Thuistezien 167 — 04.02.2021

Pontus Kyander
Gustav Metzger as artist/activist


For the symposium ‘Gustav Metzger: The Conscience of the Art World’ in 2018, West Den Haag invited the Finnish curator and art writer Pontus Kyander who has known Gustav Metzger since 2001 and has curated a number of shows with Metzger’s works. In his talk, Kyander introduces the audience to the early years of Metzger’s life and artistic career, with the focus on how Metzger’s evolvement into becoming an artist activist is a prime concern. It is Kyander’s intent to do so with a straight forward and linear narrated story about the highlights and turning points of Metzger’s life and career in which he emphasizes the use of Metzger own words to make his points more precise.

Kyander’s discourse starts in Nürenberg, Germany where Metzger was born in 1926. The city then was an interesting melting pot because it, at one hand, inhabited the one of the largest Jewish communities of Bavaria and, on the other, happened to be the center for a highly active nazi community, which escalated when the nazi regime chose Nürenberg as a symbolic city, perfectly situated for their celebrations and rallies. While it may be seen as a disturbing place to grow up for the Jewish born Metzger but, the artist believes the place gave him the best education in art since the staged mass displays of lights, of impressive flags and uniforms, in fact, all has to do with art and design.

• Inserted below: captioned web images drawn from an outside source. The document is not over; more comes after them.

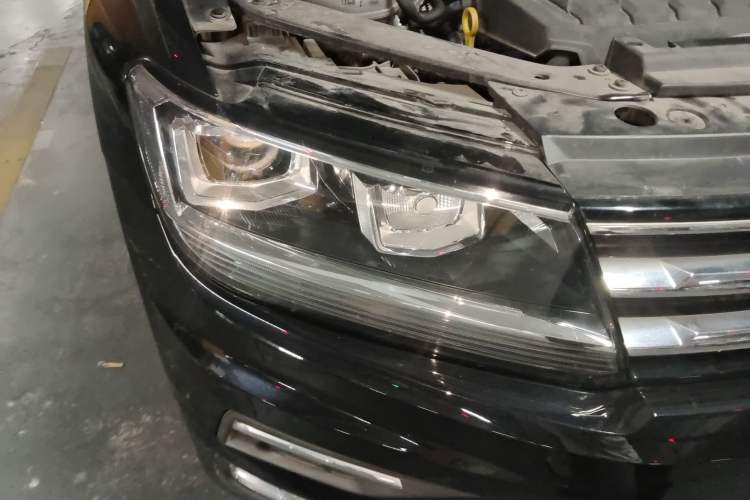 Used Volkswagen Tiguan L 2019 330TSI Automatic Two-Wheel Drive Smart Luxury Version China VI Standard Right Front Headlight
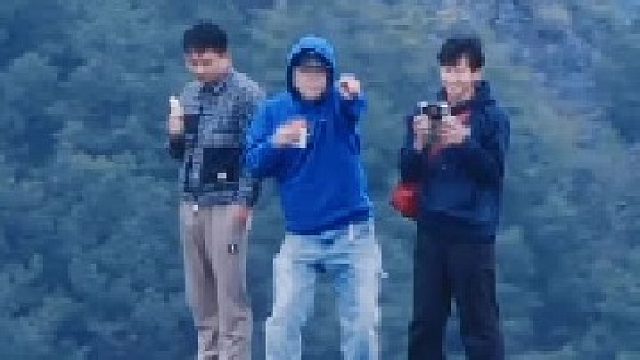 但凡我要是能飞  我就直接跳下去了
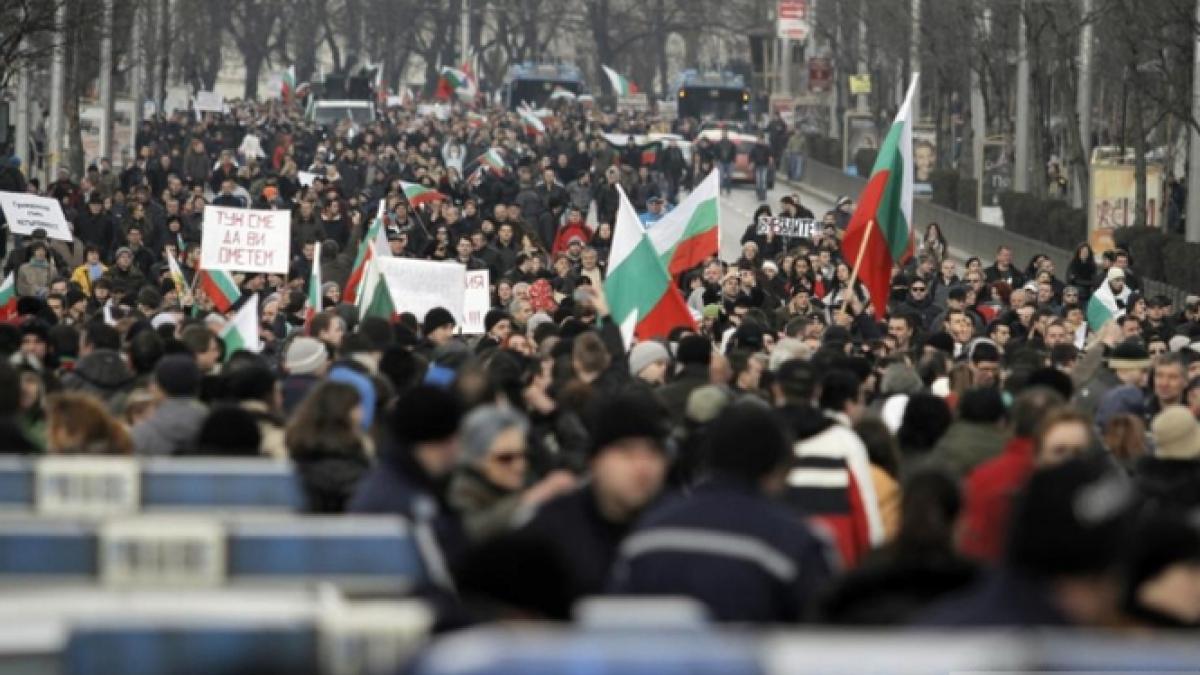 A zecea zi de proteste în Bulgaria. Mii de oameni manifestează pe străzi, nemulţumiţi de creşterea preţurilor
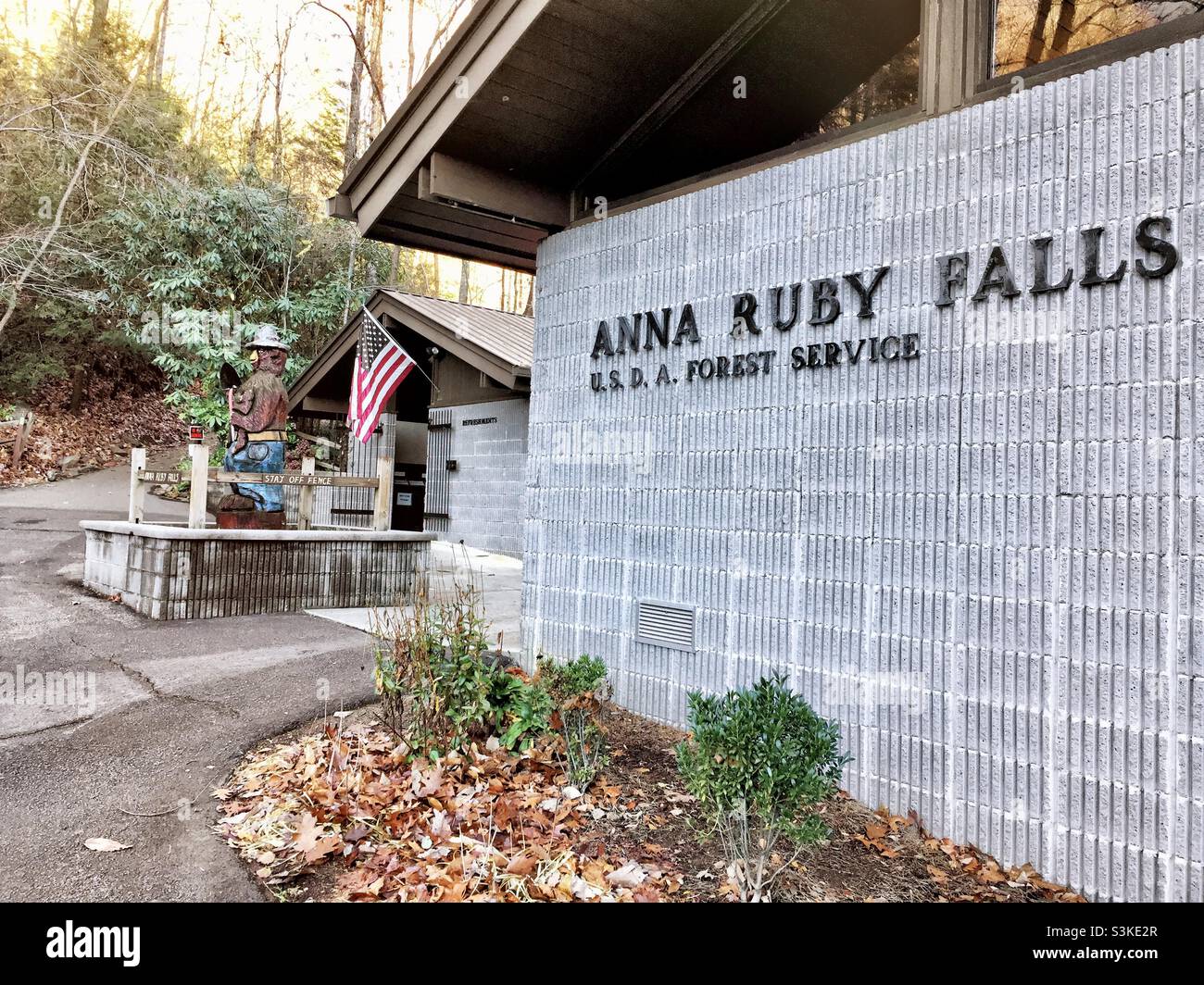 Centro de bienvenida en Anna Ruby Falls en Helen Georgia. Foto de stock
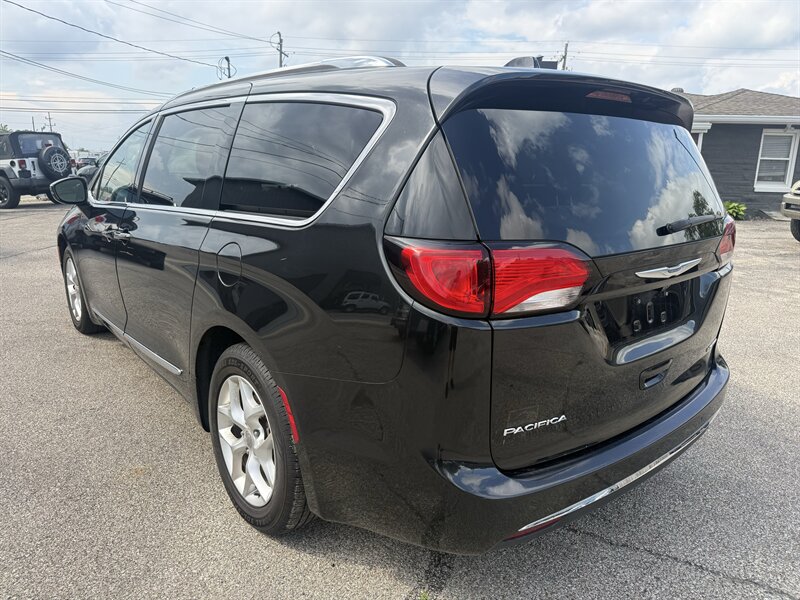 2020 Chrysler Pacifica Limited - Photo 5 - Lafayette, IN 47905
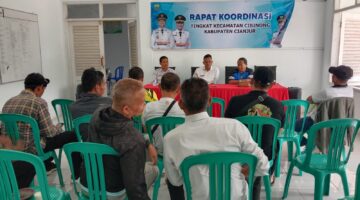 Warga Cisel Mendesak Bupati Terpilih Wahyu – Ramzi Untuk Memikirkan dan Mensuport Pembangunan Sport Center.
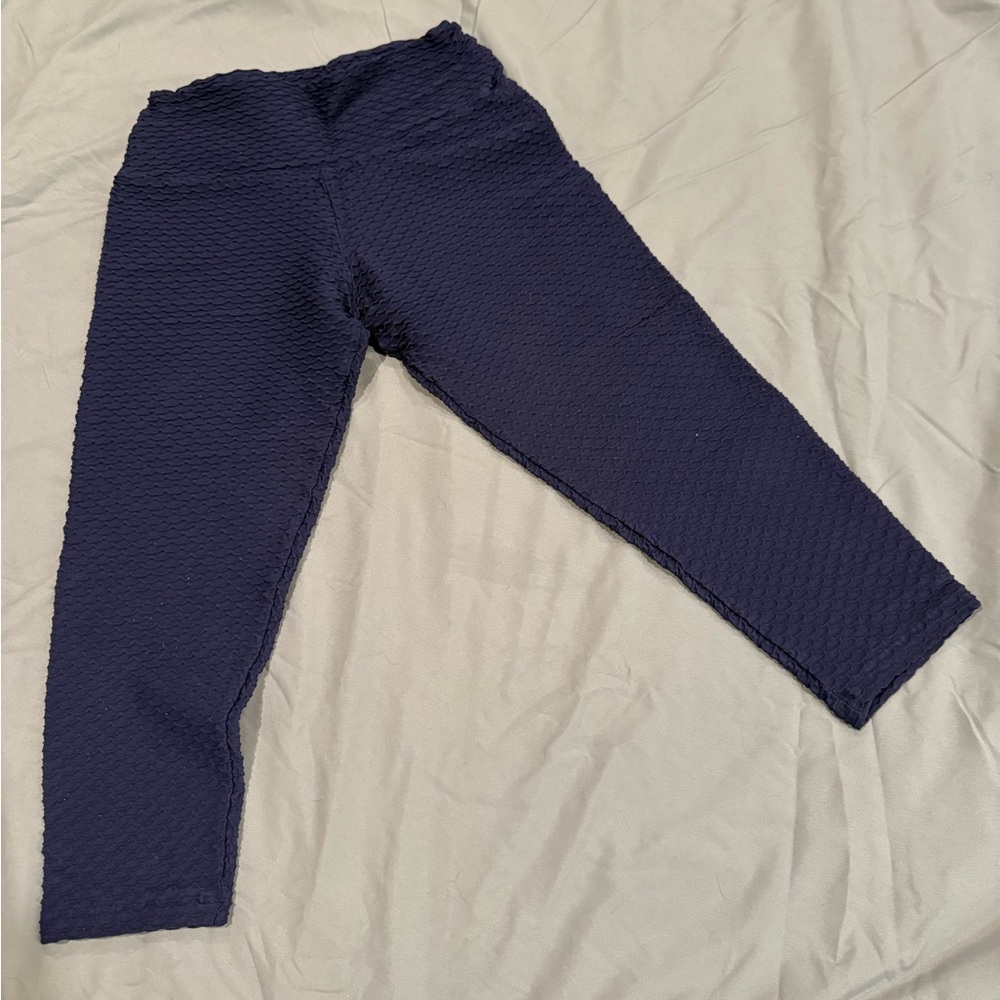Booty By Brabants Navy Croco Cropped Curvy Leggings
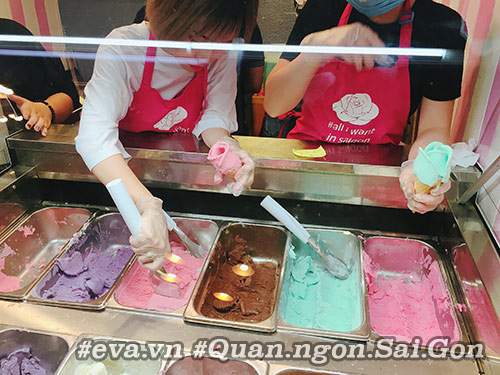Valentine này, rủ nàng ăn kem hoa hồng siêu hot ở phố đi bộ Nguyễn Huệ 18
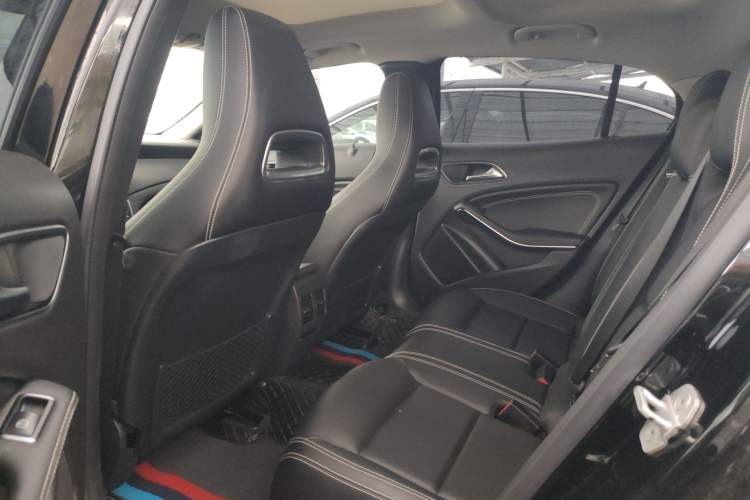 Used Mercedes-Benz GLA 2017 GLA 220 4MATIC Fashion Model Interior 3
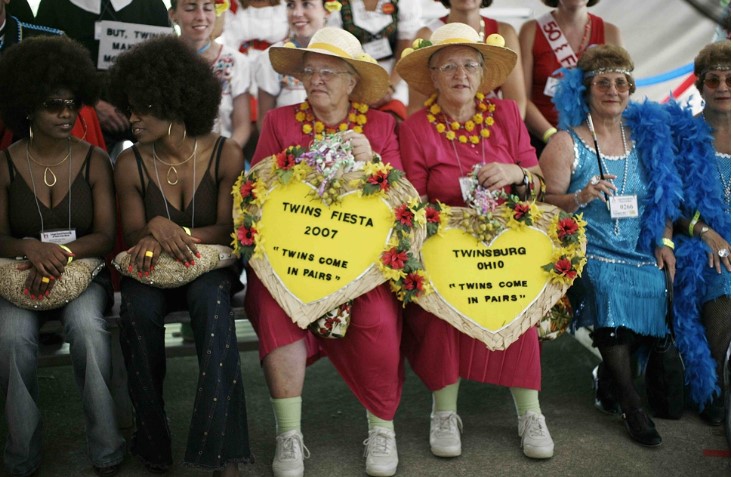 Hai chị em sinh đôi giống hệt nhau Verna, thứ ba từ trái sang và Viola Mueller, thứ tư từ trái, đến từ Lancaster, Pennsylvania, sinh vào Ngày lễ tình nhân năm 1933, tham gia một cuộc thi trang phục theo chủ đề trong Lễ hội Twins Days hàng năm ở Twinsburg, Ohio, Ngày 4 tháng 8 năm 2007. Reuters-Yonhap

What follows is an in-depth examination of Metzger’s life until 1962. We follow his journey from joining activists movements in Leeds with socialist activist Wilhelm Reich as an role figure, to having an art hiatus and earn his living through opening a second hand store in the countryside of England and to, eventually, discover his interest in auto destructive art after seeing the exhibition ‘This Is Tomorrow’ at Whitechapel Gallery in 1955. As Kyander points out, Metzger had an interest in the process that goes on in the material less than in the performance of the artist. He becomes fascinated by the aesthetic of revulsion which is made physical in his acid paintings. The interest in natural decay is also motivated by the effect it has on the art dealer’s system. As he points out, auto-destructive art opposes not only the emotional and intellectual artistic plane but also the economic and it directly undermines their system in many ways. It is with a great amount of words that Metzger demonstrates his points and ideas about art with no less than 5 manifestos made between 1959 and 1962. And, as Kyander ends up with suggesting, it is interesting to notice how Metzger brought forward not only a highly activist political language but also a very poetic language in his writing. Metzger was, first of all, an artist but it is clear that he was a writer as well.